La fin de la main d’oeuvre chinoise pas chère

En 2010, en fournissant un cinquième de la production mondiale, la Chine a dépassé les Etats Unis et elle est devenue la première puissance manufacturière au monde. Mais du fait de l’augmentation du prix des terrains, des coûts liés aux règlementations environnementales ou de sécurité, des augmentations d’impôts, et surtout, de l’augmentation des charges salariales, les coûts de production flambent. La banque d’investissement Standard Chartered a récemment publié les données d’une enquête sur 200 entreprises manufacturières de Hong Kong établies dans le Delta de la rivière de la Perle, qui indique que les salaires ont déjà augmenté de 10% cette année. Chez Foxconn, le sous-traitant d’Apple, les salaires ont augmenté entre 16% et 25% le mois dernier. Lorsque la Chambre de commerce américaine de Shanghai a demandé à ses membres quelles étaient leurs préoccupations les plus importantes, 91% ont cité l’augmentation des coûts ; la corruption et la contrefaçon arrivaient loin derrière. L’époque de la main d’œuvre chinoise pas chère parvient à sa fin.

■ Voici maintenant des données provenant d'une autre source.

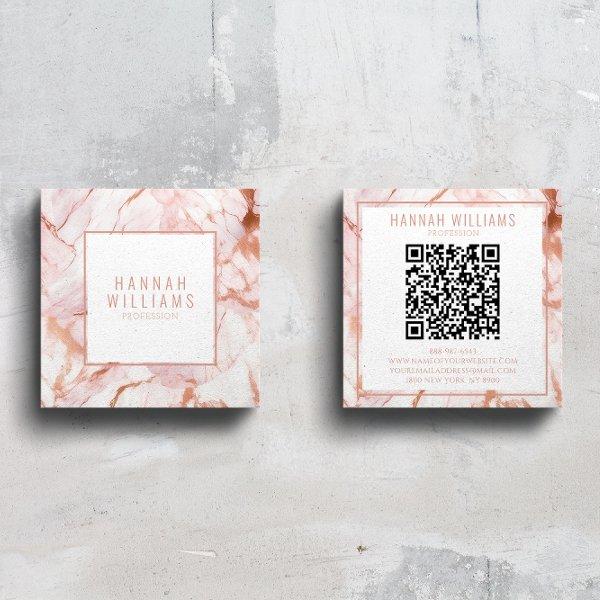 Marble Rose Gold Agate QR Code Girly Trendy Square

Comment les donneurs d’ordre pourront y faire face ? Certains envisagent de se déplacer dans  les autres pays d’Asie, comme le Vietnam. Mais la côte chinoise conserve ses indéniables atouts :

1/ la proximité avec le marché domestique, qui est énorme. Aucun autre pays au monde n’offre un marché plus vaste, composé de consommateurs avides d’acheter et dont le pouvoir d’achat est en constante progression ;

2/ La productivité des ouvriers chinois progresse aussi vite que les salaires. En fait, l’augmentation de la productivité est ce qui justifie ces augmentations de salaires.

3/ La Chine est énorme, et elle offre un bassin d’emploi conséquent et flexible qui permet de s’adapter aisément à des demandes saisonnières (les décorations du sapin et les cadeaux de Noël, par exemple)

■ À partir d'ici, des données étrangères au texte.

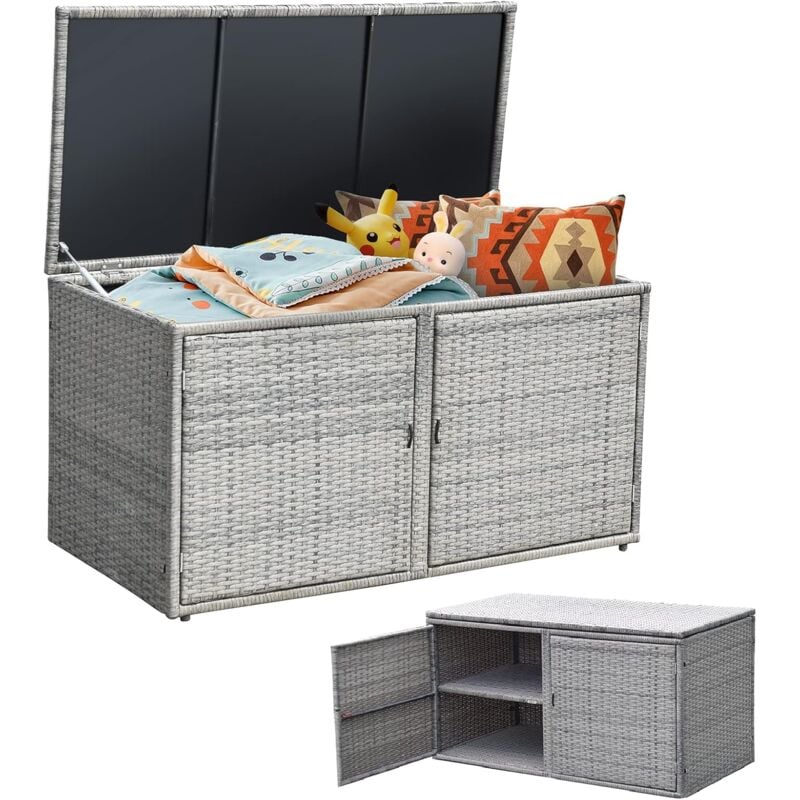 Costway - Coffre de Rangement Jardin 335L en Rotin pe, Charge Max. 120 kg, Cadre en Acier avec 2 Etagères 115 x 60 x 65 cm Gris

4/ La chaîne d’approvisionnement chinoise est élaborée et très souple, bien plus efficace que dans les pays environnants. Selon Dwight Nordstrom de Pacific Resources International, une société de consultance en manufacture, la chaîne d’approvisionnement chinoise est tellement performante pour les industries électroniques que la Chine devrait encore se maintenir comme le poids-lourd du marché sur les 10 à 20 prochaines années.

Cependant, certains industriels  qui étaient basés sur les régions côtières partent s’installer en Chine intérieure, où les salaires sont censés être inférieurs. Mais ils ne le sont pas tant que cela : le différentiel ne serait même pas de 10%, comme Huawei, une société chinoise de télécoms, en a fait l’expérience. Et ce transfert n’est pas gratuit : les nouvelles lois du travail prévoient des indemnisations en cas de fermeture de site. Les coûts de transport des produits fabriqués peuvent être plus élevés que sur la côte. En outre, les cadres réclament des compensations pour aller s’installer en Chine intérieure. Le plus souvent, les industriels qui décident d’y ouvrir une unité le font pour se rapprocher de leurs consommateurs.

Mais ce dont les entreprises chinoises ont le plus besoin pour conserver leur leadership, c’est d’adopter une stratégie à l’allemande et d’innover. Certaines, comme Huawei, qui a déposé plus de demandes de brevets que n’importe quelle autre société en 2008, l’ont déjà compris. Bien que ce type d’entreprise soit encore trop rare, il attire les jeunes talents. Chaque année, des vagues de  « tortues de mer », c’est-à-dire des Chinois qui sont partis étudier ailleurs, et ont parfois collaboré dans des entreprises étrangères, rentrent au pays, avec, dans leurs bagages, les savoir-faire et les idées qu’ils ont appris à la Silicon Valley, à Stanford ou au MIT.